Faculty & collaborators are invited to define Housing+ projects as a means of examining the future of practice. Recent calls to action that ask architects to help with the housing crisis contain within them a larger critique of the discipline and profession of architecture. It is not housing per se that we have turned our backs on (every school teaches housing studios) but rather the processes and values, embodied most vividly in housing as a project, that are currently throwing the whole discipline into question. Indeed, most buildings are now shaped by non-architectural parameters embodied in housing: policy, economics, the rule of the marketplace, bureaucracy, techniques of construction administration, and codes. That we have turned our backs on housing is simply evidence that we have turned our backs on broader pressures facing the profession.
THE HOUSING PROJECT
Eames, Schindler, Neutra, Morgan, Greene & Greene, Wright, Williams, Gehry, Lautner; dingbats, craftsman bungalows, courtyard apartments, McMansions: From avant-garde to vernacular, Southern California’s best-known architecture is unquestionably domestic. Paradoxically, in a region where over 80% of our cities are zoned R1, the scale of California’s housing crisis is striking. The shortage is estimated at 3-4 million housing units, with over 130,000 homeless, constituting a staggering quarter of the national total. It’s time for architects and designers to rethink California’s housing typologies.
And yet, many in the design professions have remained notoriously absent from the discussion, claiming that architecture cannot solve the housing crisis. In her introduction to the book Housing as Intervention, Karen Kubey states that “though it was Modernism’s central project, ‘housing’ is often considered separate from ‘architecture.’” She cites Susanne Schindler in stating that housing is a ‘socioeconomic product to be delivered at the least possible cost’, while architecture is considered a ‘cultural endeavor.’ With regulatory constraints, financial and developer pressures, and community NIMBYism, the traditional role of the architect in housing design, particularly affordable housing, has eroded.
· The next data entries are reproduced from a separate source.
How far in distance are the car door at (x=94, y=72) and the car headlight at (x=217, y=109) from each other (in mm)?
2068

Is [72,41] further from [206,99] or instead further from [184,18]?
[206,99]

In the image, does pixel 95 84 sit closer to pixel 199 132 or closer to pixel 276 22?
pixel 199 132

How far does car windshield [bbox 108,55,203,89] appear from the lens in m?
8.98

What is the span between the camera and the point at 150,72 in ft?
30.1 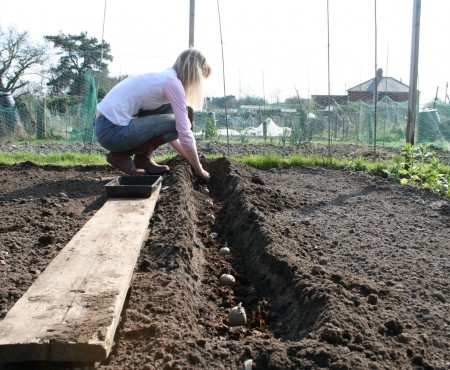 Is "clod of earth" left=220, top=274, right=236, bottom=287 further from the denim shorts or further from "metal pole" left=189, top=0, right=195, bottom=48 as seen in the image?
"metal pole" left=189, top=0, right=195, bottom=48

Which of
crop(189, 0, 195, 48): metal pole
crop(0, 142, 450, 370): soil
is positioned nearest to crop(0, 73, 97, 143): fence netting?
crop(189, 0, 195, 48): metal pole

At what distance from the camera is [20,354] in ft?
5.15

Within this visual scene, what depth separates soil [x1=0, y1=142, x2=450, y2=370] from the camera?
1.75 meters

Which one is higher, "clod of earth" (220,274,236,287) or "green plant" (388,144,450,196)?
"green plant" (388,144,450,196)

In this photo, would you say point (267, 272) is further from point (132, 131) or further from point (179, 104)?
point (132, 131)

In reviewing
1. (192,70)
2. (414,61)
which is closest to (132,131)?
(192,70)

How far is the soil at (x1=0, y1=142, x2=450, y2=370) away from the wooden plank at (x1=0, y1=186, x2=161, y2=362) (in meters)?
0.11

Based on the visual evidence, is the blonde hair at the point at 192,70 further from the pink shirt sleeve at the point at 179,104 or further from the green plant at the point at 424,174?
the green plant at the point at 424,174

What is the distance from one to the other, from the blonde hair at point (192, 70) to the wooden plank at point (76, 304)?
1.92 m

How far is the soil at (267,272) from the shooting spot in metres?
1.75

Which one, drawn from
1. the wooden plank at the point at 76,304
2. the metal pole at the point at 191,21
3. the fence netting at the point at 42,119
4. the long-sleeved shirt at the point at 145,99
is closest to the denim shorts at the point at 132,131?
the long-sleeved shirt at the point at 145,99

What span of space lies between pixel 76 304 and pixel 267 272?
1.26 meters

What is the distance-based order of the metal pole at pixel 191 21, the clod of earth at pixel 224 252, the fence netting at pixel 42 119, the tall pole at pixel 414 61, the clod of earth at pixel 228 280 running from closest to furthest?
the clod of earth at pixel 228 280 < the clod of earth at pixel 224 252 < the tall pole at pixel 414 61 < the metal pole at pixel 191 21 < the fence netting at pixel 42 119

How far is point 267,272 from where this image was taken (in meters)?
2.86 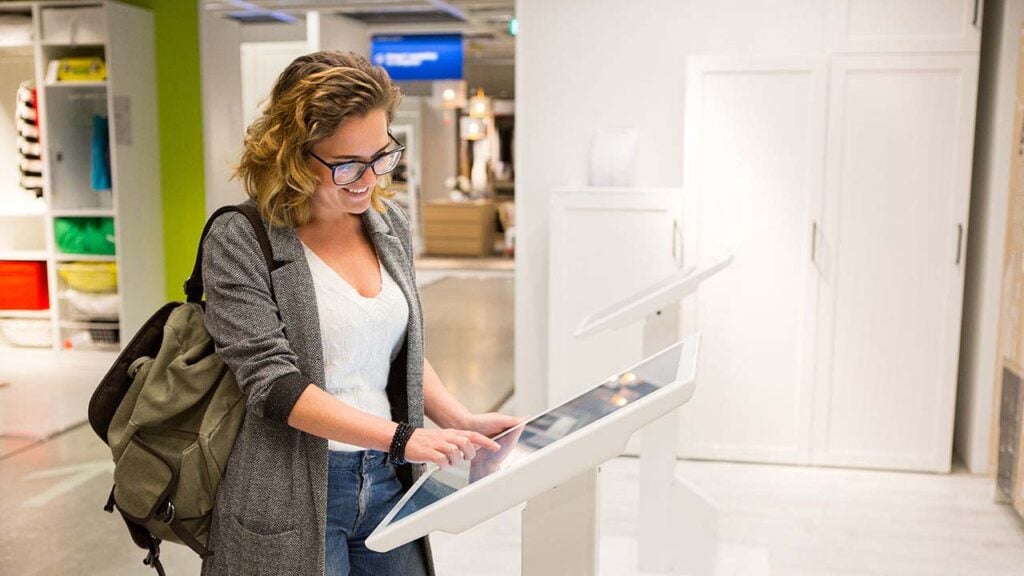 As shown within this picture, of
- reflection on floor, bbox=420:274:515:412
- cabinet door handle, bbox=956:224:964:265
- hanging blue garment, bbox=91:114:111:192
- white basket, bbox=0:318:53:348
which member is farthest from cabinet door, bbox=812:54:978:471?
white basket, bbox=0:318:53:348

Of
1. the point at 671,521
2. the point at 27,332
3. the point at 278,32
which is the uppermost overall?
the point at 278,32

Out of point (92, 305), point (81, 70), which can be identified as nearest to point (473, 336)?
point (92, 305)

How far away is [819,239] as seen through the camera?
179 inches

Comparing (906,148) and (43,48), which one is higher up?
(43,48)

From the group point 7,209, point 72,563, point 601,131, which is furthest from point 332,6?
point 72,563

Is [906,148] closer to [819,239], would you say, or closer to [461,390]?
[819,239]

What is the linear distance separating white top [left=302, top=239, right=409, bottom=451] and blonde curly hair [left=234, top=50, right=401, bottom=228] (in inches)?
4.0

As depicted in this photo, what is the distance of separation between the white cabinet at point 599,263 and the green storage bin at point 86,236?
412 centimetres

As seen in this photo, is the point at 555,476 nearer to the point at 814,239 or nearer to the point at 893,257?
the point at 814,239

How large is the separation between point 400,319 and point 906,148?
344 cm

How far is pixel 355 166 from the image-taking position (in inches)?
64.2

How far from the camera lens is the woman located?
1.55 meters

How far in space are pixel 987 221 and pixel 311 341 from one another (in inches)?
153

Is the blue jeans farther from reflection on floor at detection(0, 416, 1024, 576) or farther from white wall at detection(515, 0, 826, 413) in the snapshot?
white wall at detection(515, 0, 826, 413)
As author Sam Lubell observes, “All it takes is a visit to the Inland Empire, Orange County, the outskirts of Sacramento or many parts of Silicon Valley to understand that the mass-produced housing stock in our country has become, with a few welcome exceptions, architecturally, urbanistically, and morally bankrupt.”
Woodbury School of Architecture, a school that importantly incorporates architecture, interior design, and real estate development programs, believes that affordable housing is a critical architectural question and a basic human right.